» **Description of the task**:
Restate every record word for word, without the pictures.

» **Data shown**:

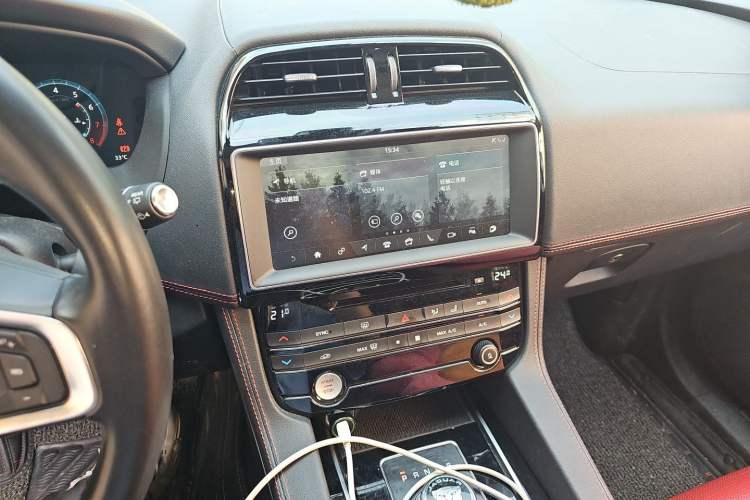 Used Jaguar F-PACE 2018 Restyled 2.0T All-Wheel-Drive R-Sport Sport Edition Audio And AC Panel
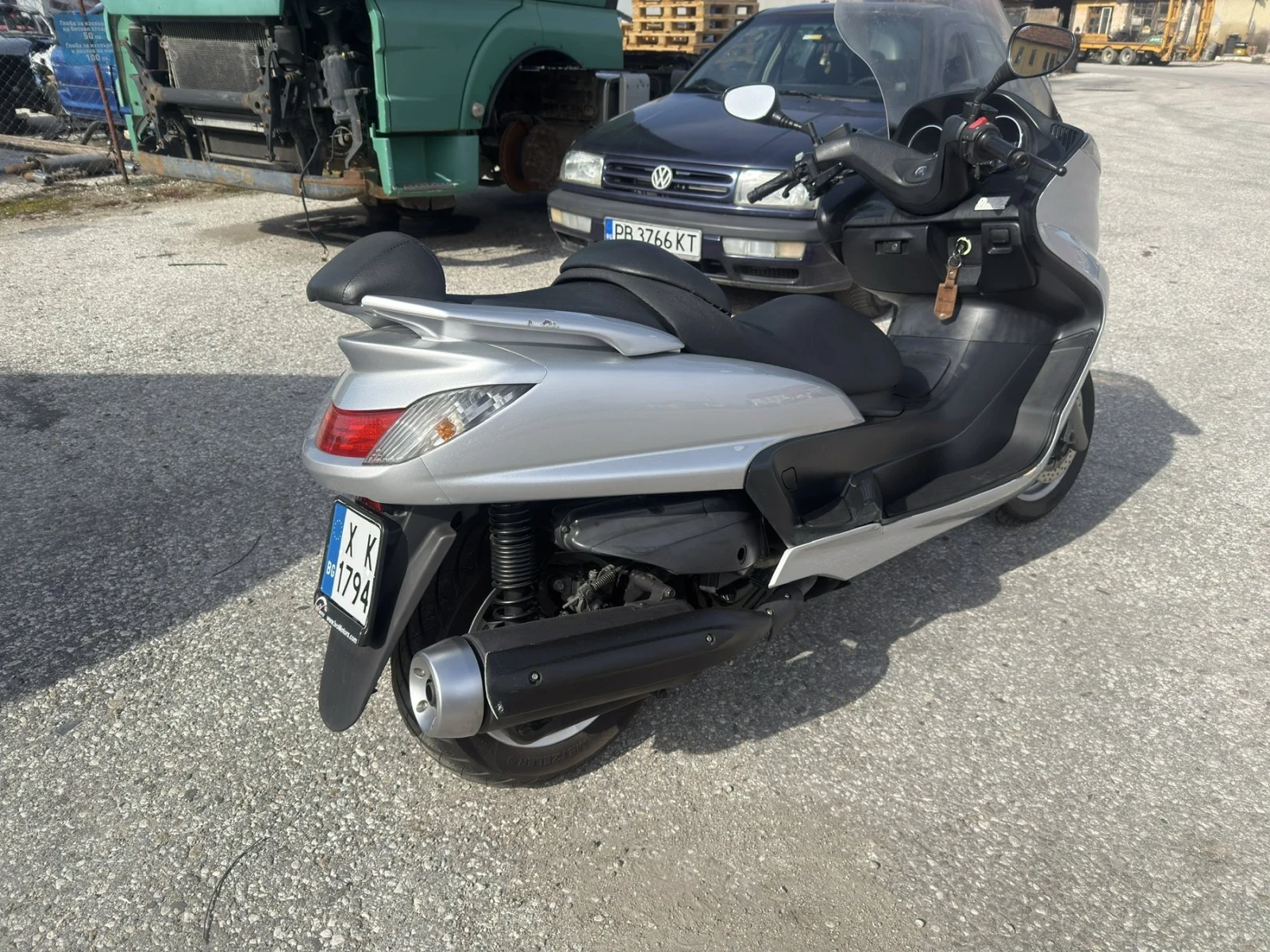 Yamaha Majesty 400i - изображение 3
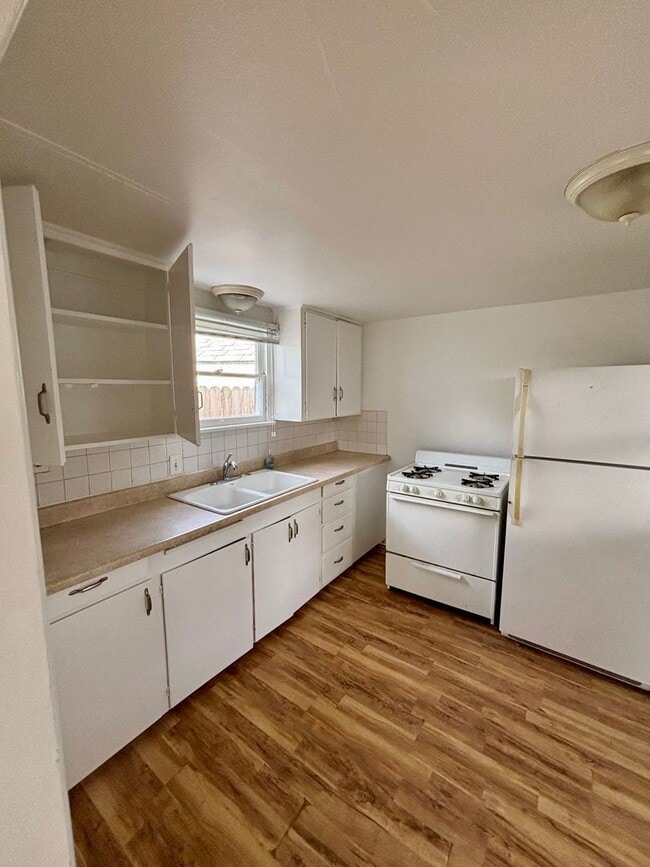 Photo - 205 Elmira Ave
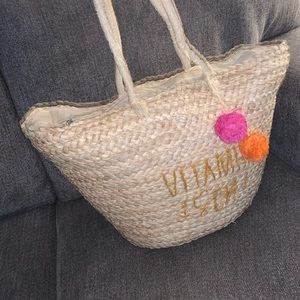 Pom Pom straw bag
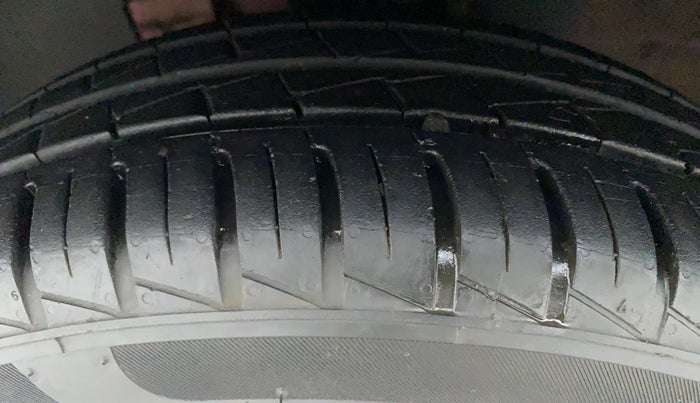 2022 Renault Kwid RXL 1.0, Petrol, Manual, 14,651 km, Left Front Tyre Tread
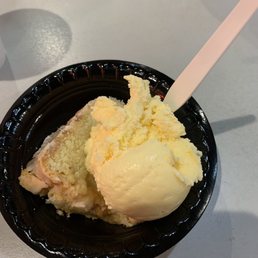 Lemon Pound Cake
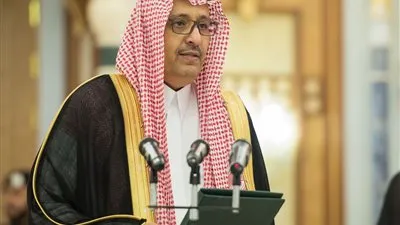 أمير منطقة الباحة يتفقد عدداً من مشروعات الطرق بالمنطقة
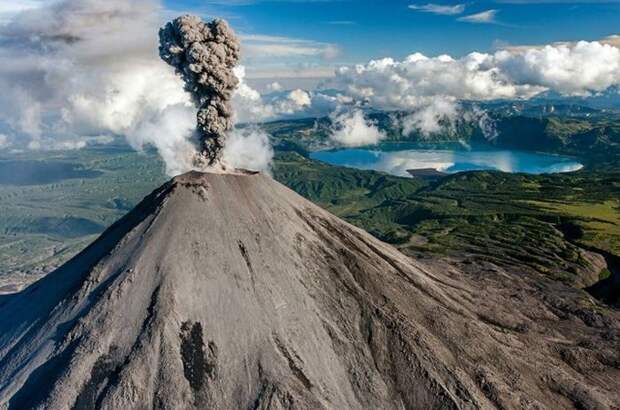 Лавы Карымского вулкана настолько вязкие, что огненные потоки не всегда достигают подножия вулкана.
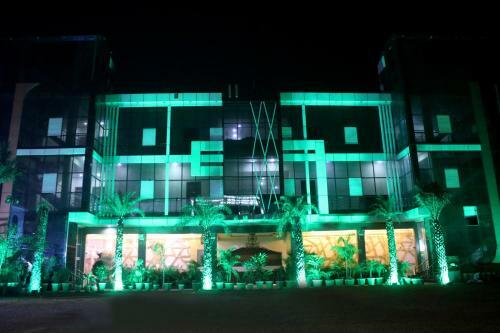 T P Garden & Hotel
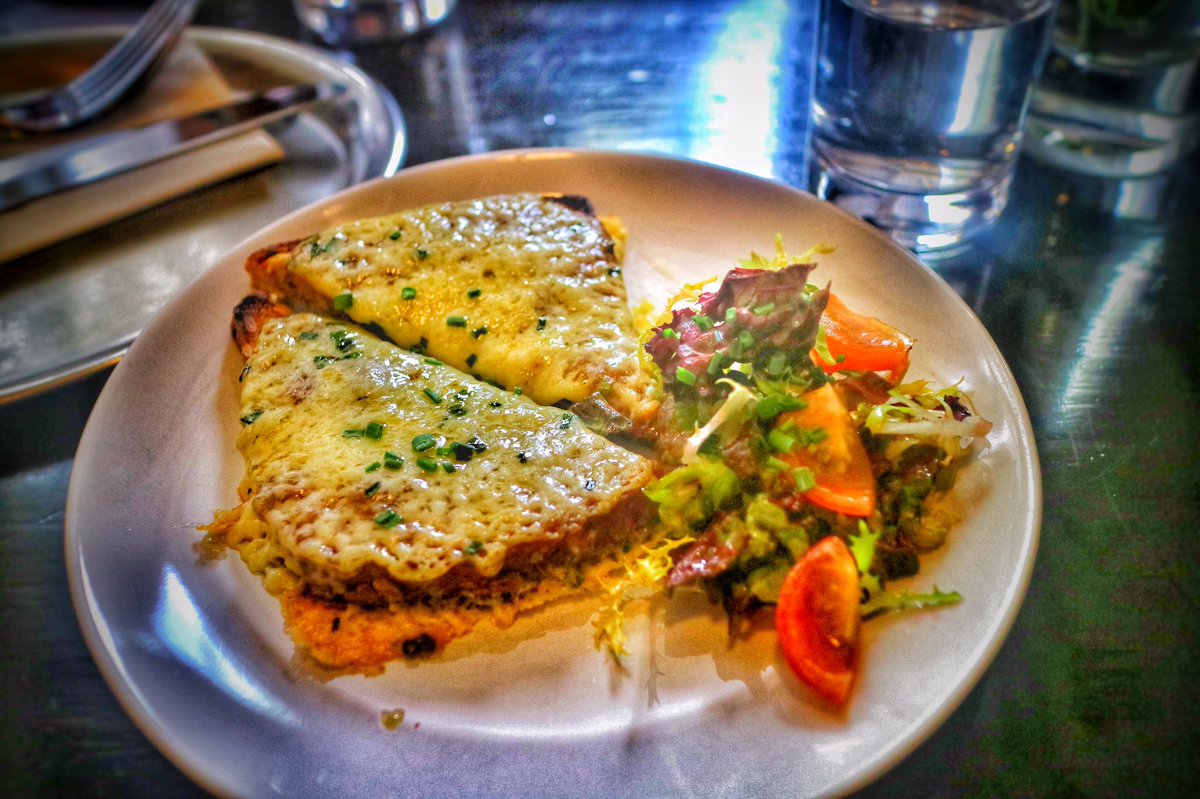 catmorley's tweet photo. I love the Welsh Rarebit at Falko... and all the German cakes! @FalkoBakery #bruntsfield #edinburgh #scotland #lunch #cake #food https://t.co/SUCIR5MsFB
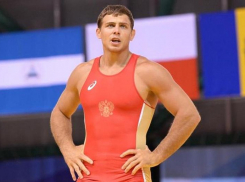 Бывший шахтинский борец выиграл серебро предолимпийского чемпионата России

» **Solved problem**:
 Used Jaguar F-PACE 2018 Restyled 2.0T All-Wheel-Drive R-Sport Sport Edition Audio And AC Panel
 Yamaha Majesty 400i - изображение 3
 Photo - 205 Elmira Ave
 Pom Pom straw bag
 2022 Renault Kwid RXL 1.0, Petrol, Manual, 14,651 km, Left Front Tyre Tread
 Lemon Pound Cake
 أمير منطقة الباحة يتفقد عدداً من مشروعات الطرق بالمنطقة
 Лавы Карымского вулкана настолько вязкие, что огненные потоки не всегда достигают подножия вулкана.
 T P Garden & Hotel
 catmorley's tweet photo. I love the Welsh Rarebit at Falko... and all the German cakes! @FalkoBakery #bruntsfield #edinburgh #scotland #lunch #cake #food https://t.co/SUCIR5MsFB
 Бывший шахтинский борец выиграл серебро предолимпийского чемпионата России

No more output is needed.